• _Task objective_:
The expected output is an exact copy of each line from the line with "Putin’den Ukraynadaki savaşta" through the end of the data below, with no pictures in it.

• _Material supplied_:
------------------------------------

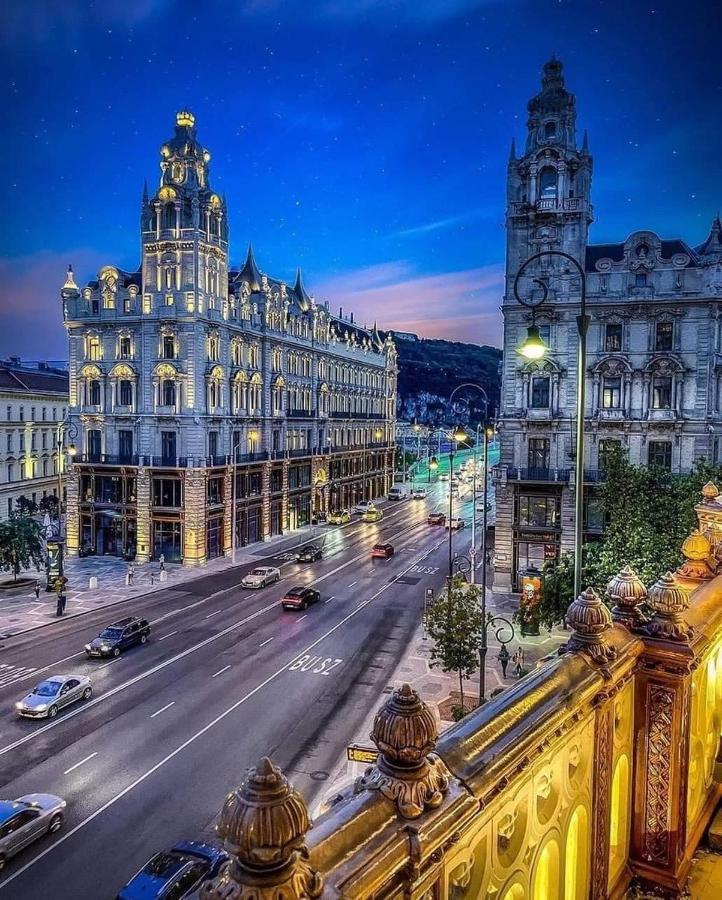Romantic Two Bedroom Apartments In The Hills Of Budapest With Private Parking Budapeste Exterior foto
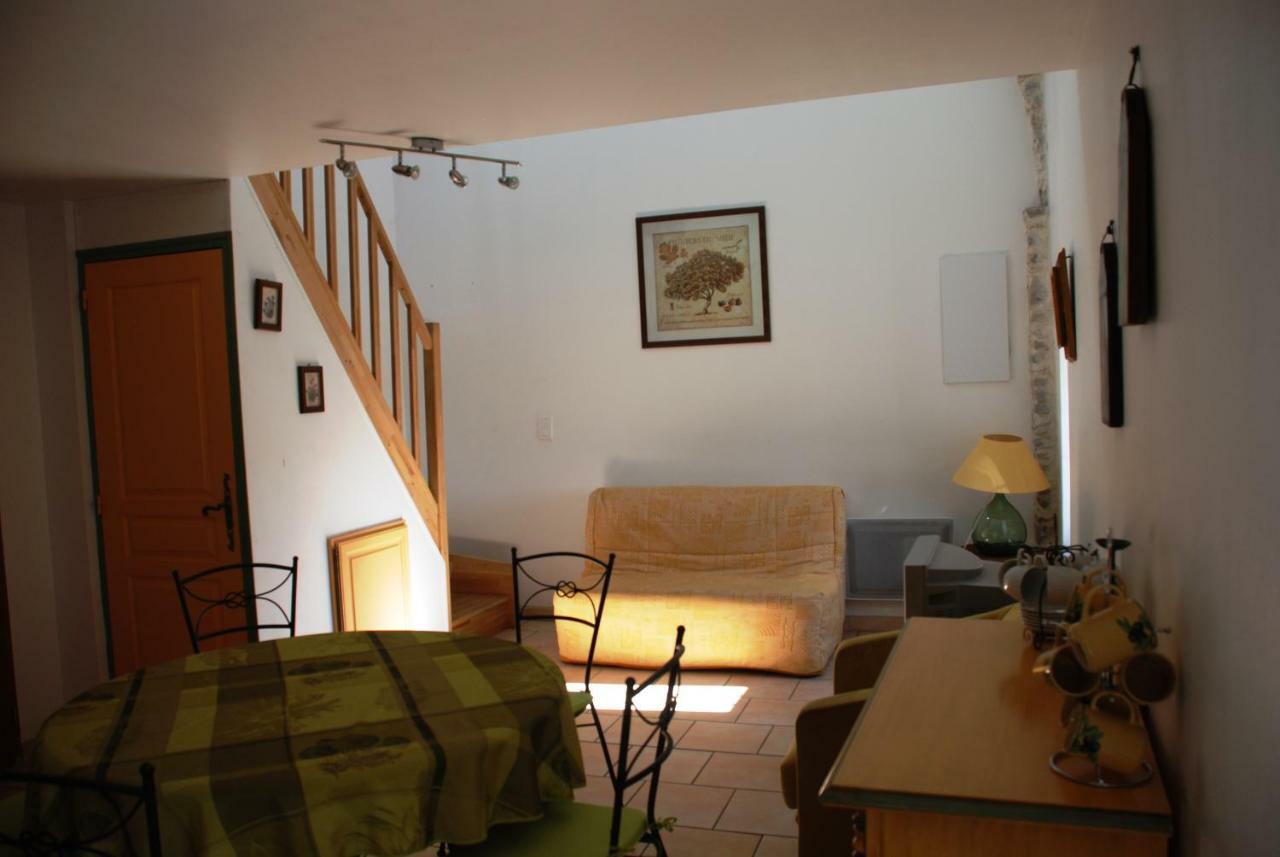 Bed and Breakfast Les Jardins Du Mas Evesque Rousson  Zewnętrze zdjęcie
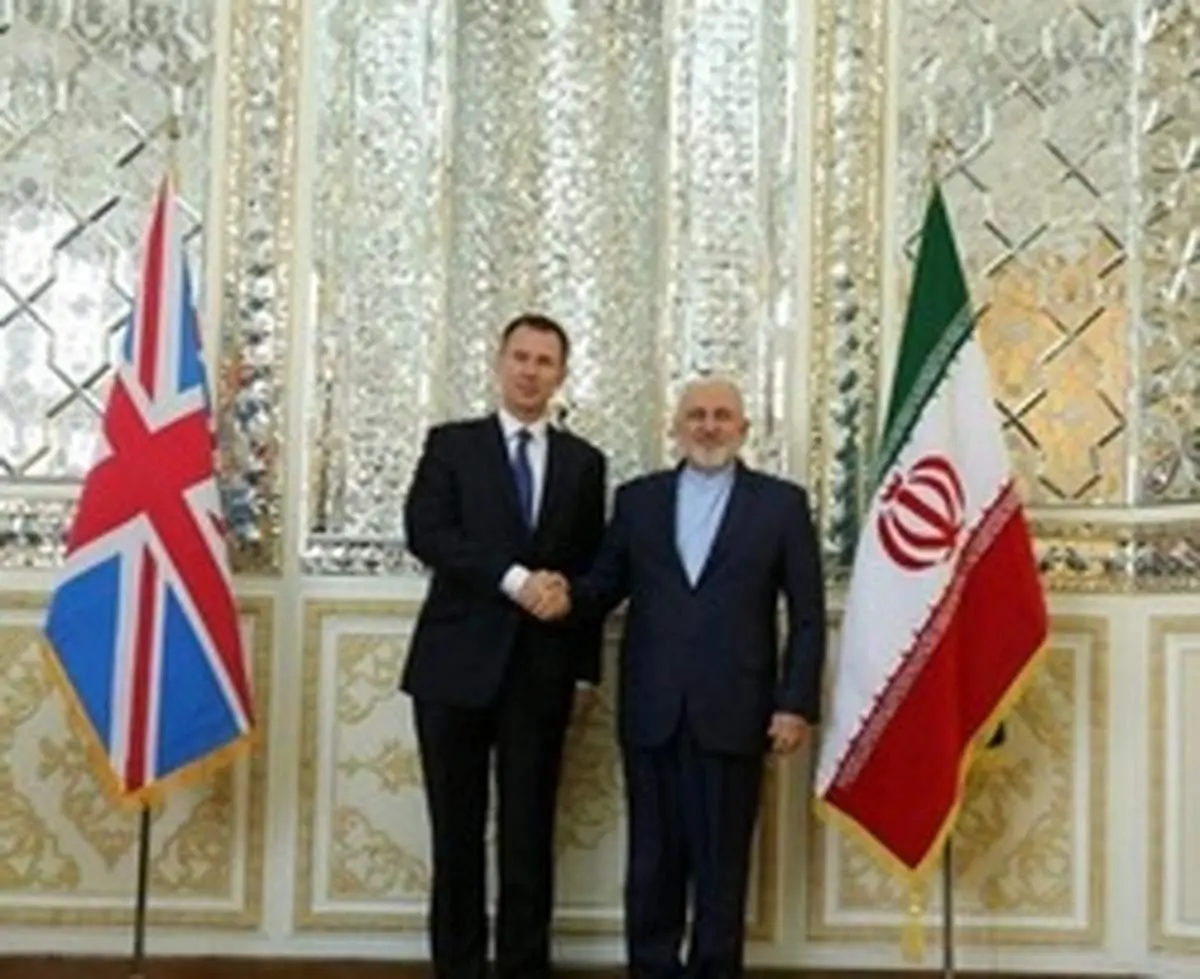 توئیت سفارت انگلیس در تهران درباره دیدار ظریف و هانت +عکس
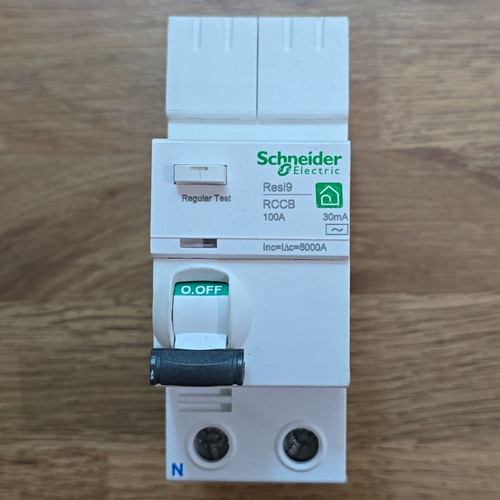 Schneider electric resi9 rccb - schneider,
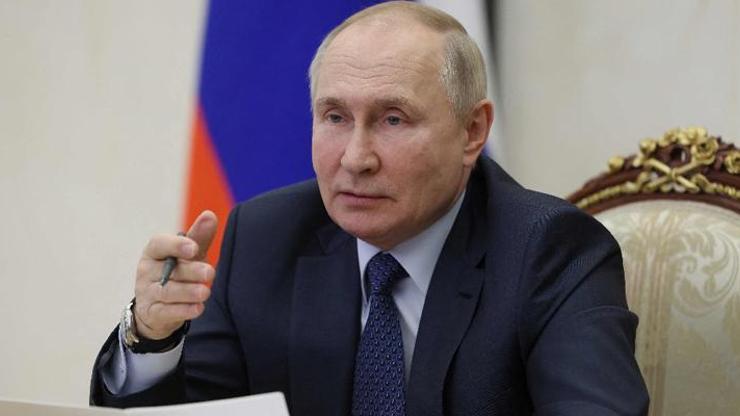 Putin’den Ukraynadaki savaşta başarılı olan Rus askerlerine ücretsiz arsa kararı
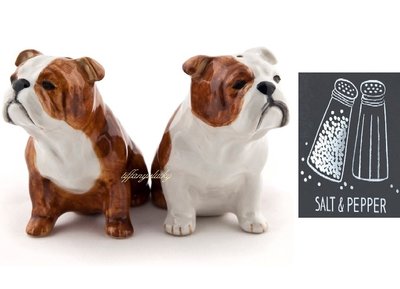 由英國知名 Quail 陶瓷公司專為帝國戰爭博物館設計【英國鬥牛犬造型．純手工繪製 陶瓷製 鹽罐＆胡椒罐　二入禮盒】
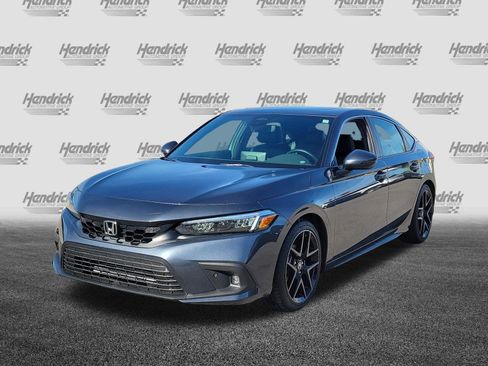 Used 2024 Honda Civic Sport Touring image 3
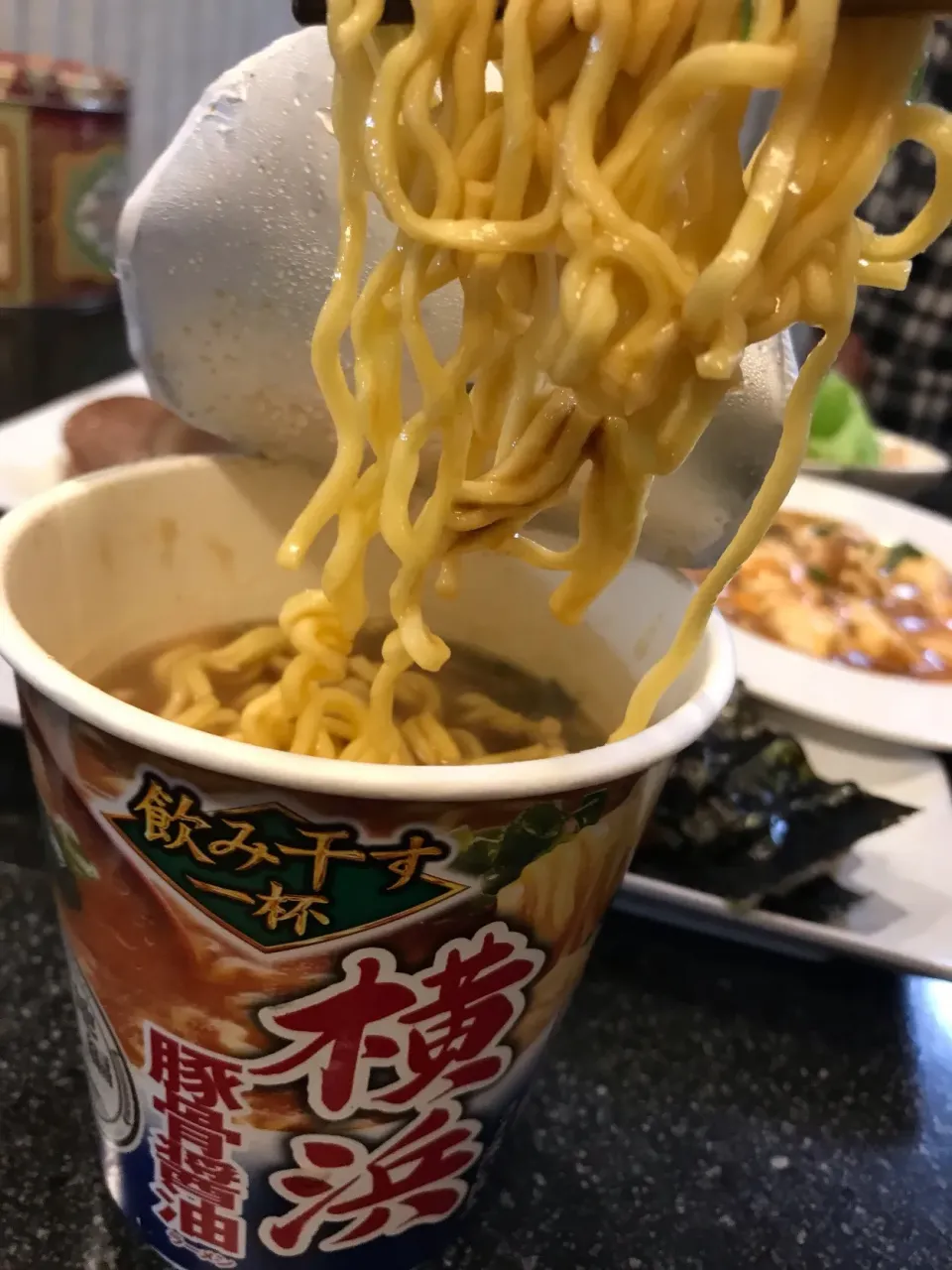 エースコックのカップ麺 横浜 豚骨醤油|シュトママさん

------------------------------------

• _Task response_:
 Putin’den Ukraynadaki savaşta başarılı olan Rus askerlerine ücretsiz arsa kararı
 由英國知名 Quail 陶瓷公司專為帝國戰爭博物館設計【英國鬥牛犬造型．純手工繪製 陶瓷製 鹽罐＆胡椒罐　二入禮盒】
 Used 2024 Honda Civic Sport Touring image 3
 エースコックのカップ麺 横浜 豚骨醤油|シュトママさん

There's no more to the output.